Malheureusement, le reste n'est pas aussi bien réussi. Si un passage à Rome en compagnie d'une veuve pulpeuse tombée sous le charme, Monica Bellucci, peut encore séduire pour sa sophistication (la villa italienne, la photographie ténébreuse et dorée) ou si quelques cloisons cassées par une masse musclée dans un train (Dave Bautista alias Monsieur Hinx) nous rappellent les impressionnants costauds auxquels Sean Connery ou Roger Moore avaient jadis dû se frotter, la plus grande déception vient du personnage de Christoph Waltz (Franz Oberhauser). Alors que sa silhouette dans l'ombre laisse croire un instant à une figure redoutable, ce n'est plus du tout le cas ensuite, finalement trop peu charismatique, aux méthodes si conventionnelles... Plutôt que de faire du personnage une incarnation maléfique ou une énigme, les scénaristes ont rapidement brossé le portrait d'un vulgaire sadique en sandalettes ; ce qui paraîtrait tout à fait insultant aux yeux du magnifique colonel nazi que Waltz avait pu incarner pour Tarantino (Inglourious basterds, 2009).
Dans sa recherche de cohérence, qui finalement s'imposait d'elle-même par les scénarios, Spectre échoue également dans sa volonté de ramener tous les personnages vus dans les quatre épisodes autour de Bond et de son grand ennemi. Sam Mendes en effet n'a pas de meilleure idée que des images un peu maladroitement amenées dès le générique (cette fois assez raté) et plus loin des portraits affichés sur des murs (Eva Green, Mads Mikkelsen, Javier Bardem, Jesper Christensen mais bizarrement pas Mathieu Amalric). Cette scène, une des dernières, relève toutefois notre intérêt pour le film. Bond est enfermé dans un tombeau, les anciens bâtiments des services secrets britanniques prêts à être dynamités (puisque les services de renseignements sont déménagés dans une tour de verre ailleurs en bord de Tamise) : un piège auquel l'espion doit échapper, tout l'enjeu du film que de prouver l'efficacité de l'agent sur le terrain contre l'obsolescence à laquelle un chef tant odieux que peu scrupuleux (Andrew Scott) veut à tout prix le reléguer. En d'autres termes, l'idée de ce petit cadre ambitieux aux idées larges (il ne fait que suivre le plan d'Oberhauser) est d'opposer à l'action brute d'un antique double zéro seul sur le terrain, toute la puissance d'un réseau satellite et numérique mondialisé. Et Bond de démontrer le contraire.

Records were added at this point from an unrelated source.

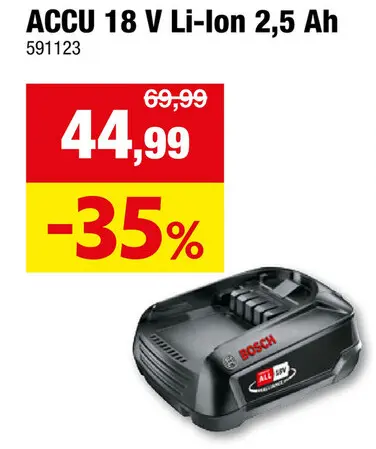 Promotie: Bosch Accu 18V Li-Ion 2,5Ah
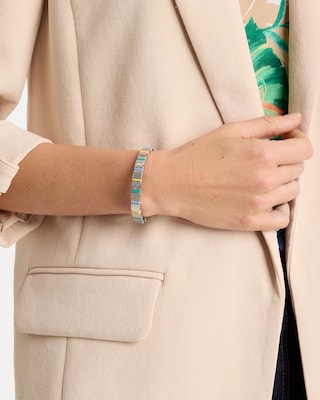 Glam Teal Slice Stretch Bracelet click to view larger image.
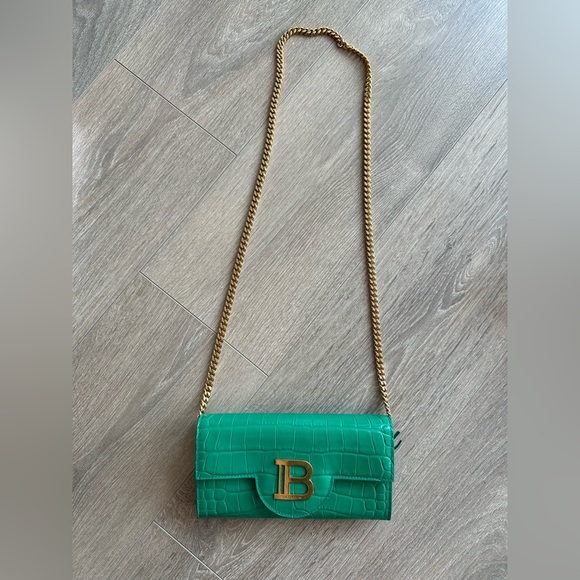 Balmain B-Buzz Croc-Embossed Leather Chain Wallet - Picture 5 of 11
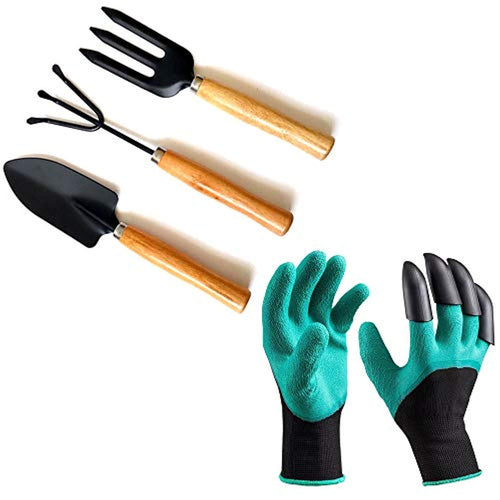 BulkySellers Gardening Hand Cultivator, Big Digging Trowel, Shovel & Garden Gloves with Claws for Digging & Planting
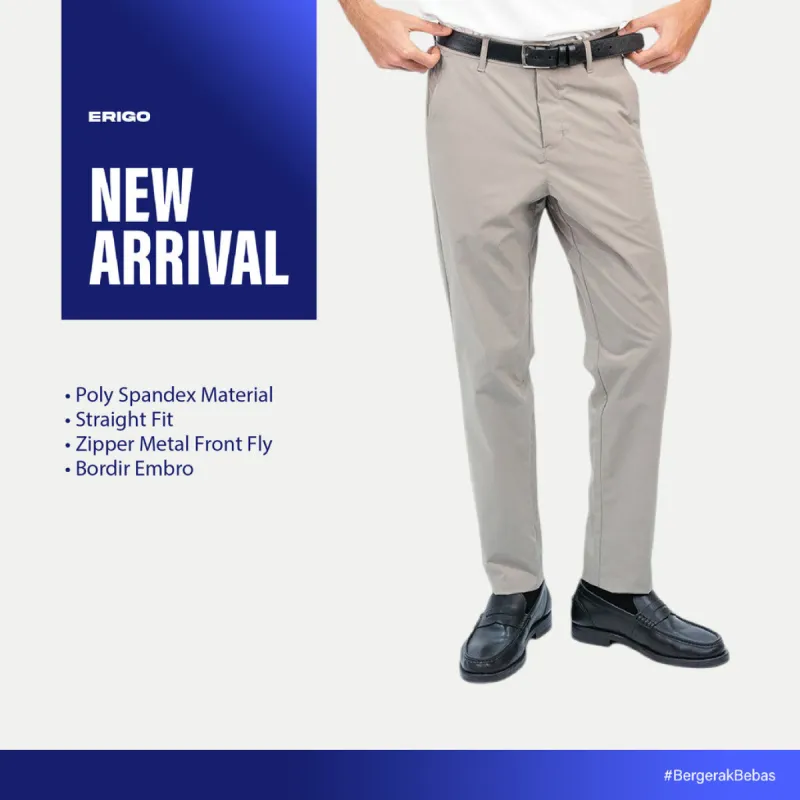 Erigo Relax Chino Pants Evgeni Oyster Grey - Celana Panjang Relax Unisex sold by Erigo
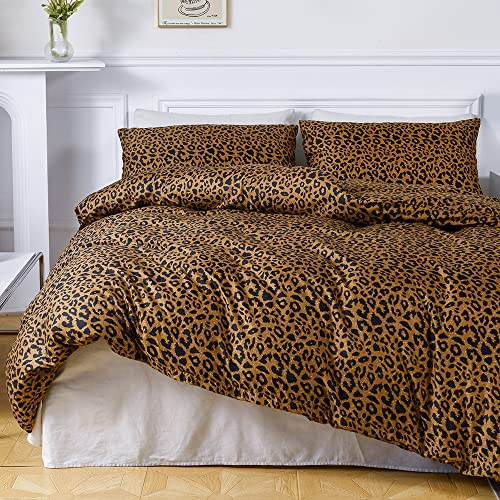 Bettwäsche 135x200 4teilig Leopard Muster Braun Gold Gelb Leopardenmuster Bettwäsche-Sets Leo Microfaser Luxus Aesthetic Bettbezüge 135 x 200 cm und Kissenbezüge 80x80cm fürs Bett mit Reißverschluss von Luofanfei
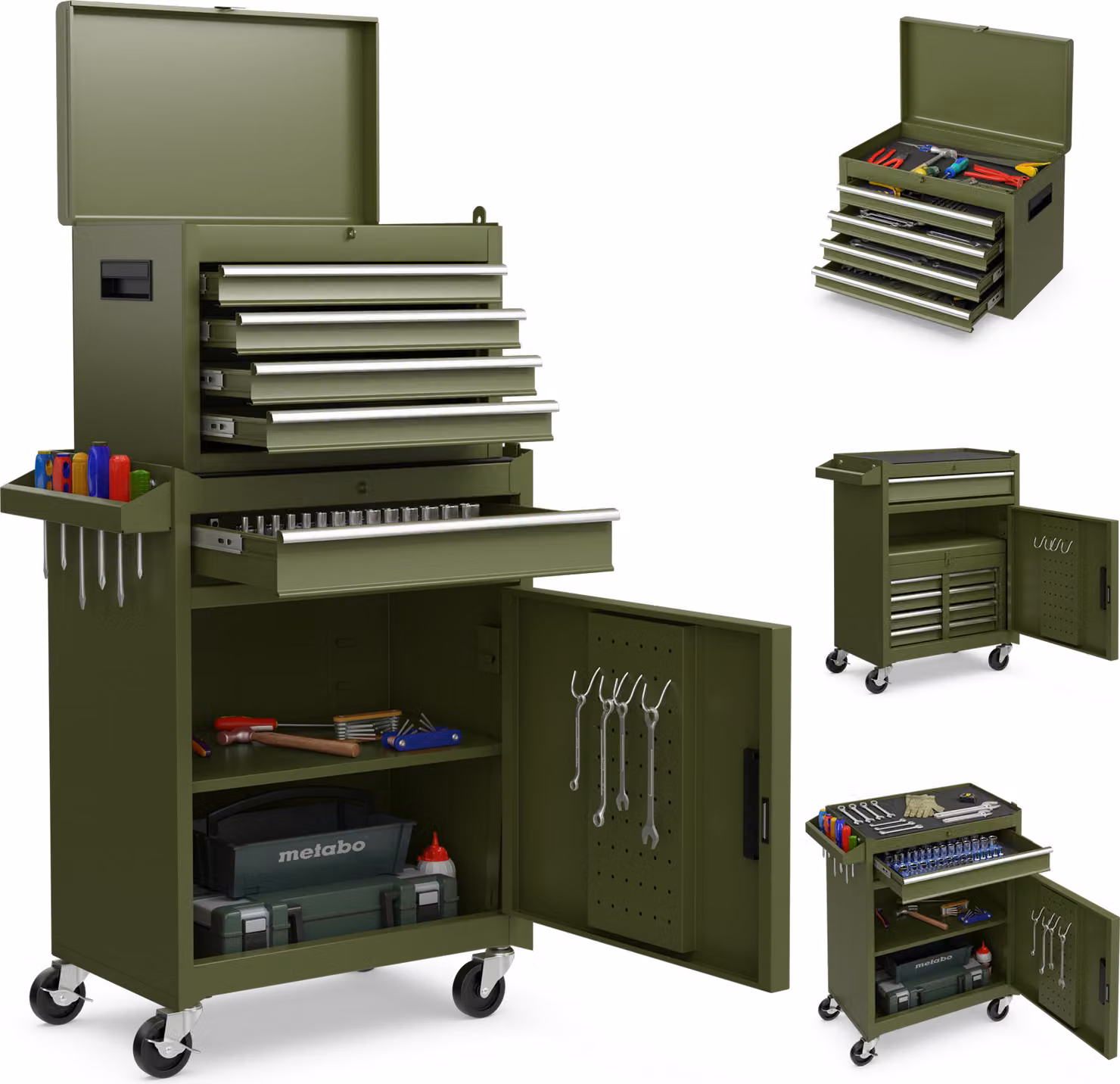 COSTWAY Carrello da officina 2in1 con valigetta, 8 scomparti, ganci e ripiano regolabile, carrello portautensili con serratura, arrotolabile fino a 100 kg senza attrezzi 59x28x102 cm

Spectre moins suprenant que Casino royale ou Skyfall, finalement cela s'explique assez simplement : recouvrant son identité, Bond redevient Bond et, reposant sur cette idée, le scénario ne développe rien de plus. Mendes adapte alors l'environnement, les détails regagnent de l'importance : Aston Martin et montre à options, vodka martini au shaker, chat blanc perçant, fauteuil à vrilles pour expert ès torture, grande base cachée... Et soudain, replongés dans de plus anciens épisodes, la découverte et le plaisir durant le film sont immanquablement rognés.
* Après la Guerre Froide (avec successivement Sean Connery, George Lazenby, Roger Moore et Timothy Dalton pour interpréter le personnage entre 1962 et 1989) puis les enjeux soulevés par le pétrole ou le contrôle de l'information (Pierce Brosnan sur quatre épisodes entre 1995 et 2002).